Research shows that people following a balanced, plant-based diet are healthier and often slimmer than meat eaters. However, are these meat alternatives healthier than the real deal? Plant-based meats are typically lower in total fat and calories when compared to meat. They provide an additional source of protein without the cholesterol typically associated with meat products. To make the best choice, look for those lower in saturated fat and sodium. When eaten occasionally, along with a diet rich in fruits, vegetables, whole grains, nuts and seeds, meat alternatives add convenience, variety and new flavours to your diet. Meat alternative products are not a replacement for the whole food plant proteins that you may have been eating, such as legumes, soy and nuts. However, if you want to have the occasional meal that has a similar taste and texture to meat, but without eating animals, then that’s when meat alternatives are a great addition to the menu.

 

Other types of plant-based protein

Pistachios

These tasty little morsels are the perfect package, providing the awesome combination of plant protein, iron and zinc, all of which are important nutrients for those who follow a vegetarian diet. Pistachios and almonds have the most protein of all nuts, with just one handful containing six grams. Another nutty option is cashews, providing five grams of protein in one handful.

Chickpeas

Budget-friendly nutrition at its best!

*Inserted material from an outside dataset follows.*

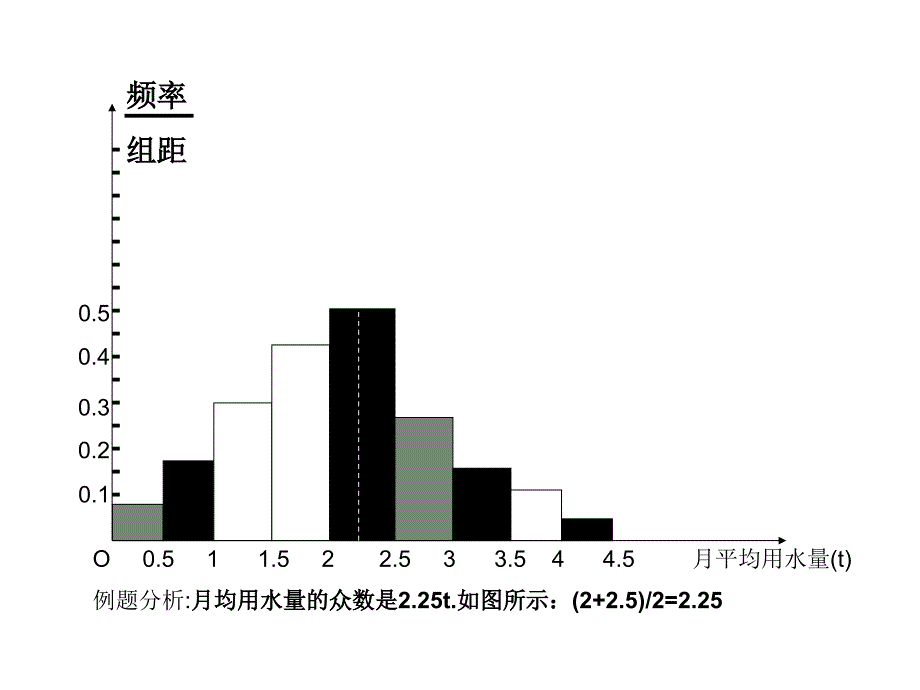 《直方图求中位数》PPT课件.ppt_第2页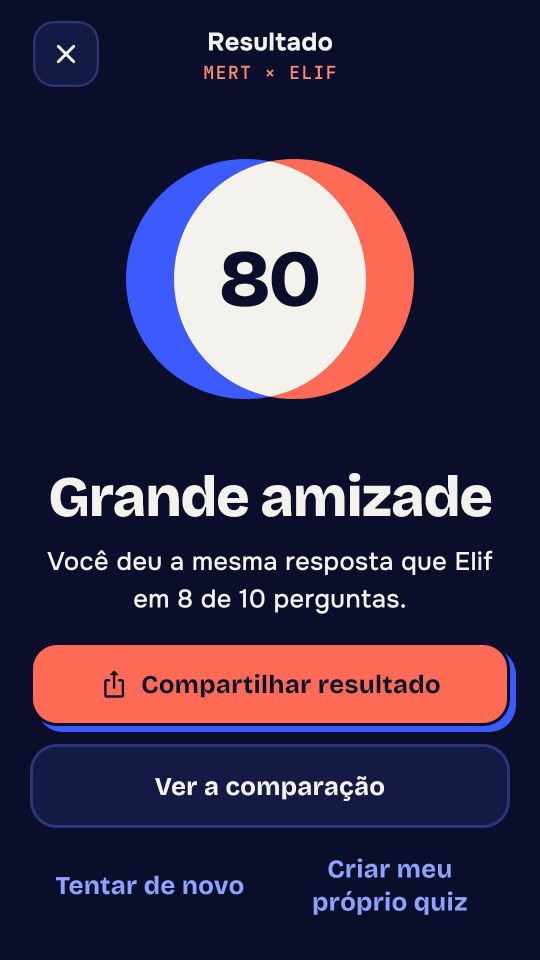 Captura de tela 4 de Quanto você me conhece?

Chickpeas are cheap to buy, low in fat, low GI and a good source of B-group vitamins. They’re also a good source of iron, zinc, folate and magnesium, and a great way to add amino acids to your diet. Mix them with tahini (sesame paste) to make hummous, and you’ll tick the box for a nutritious spread that’s a complete protein.

Fava beans

This ancient bean was one of the first crops to be farmed. Known as the king of beans, fava beans are full of nutrients with a 150-gram serving providing 11 grams of protein as well as fibre, folate, vitamin C, iron, riboflavin and thiamine.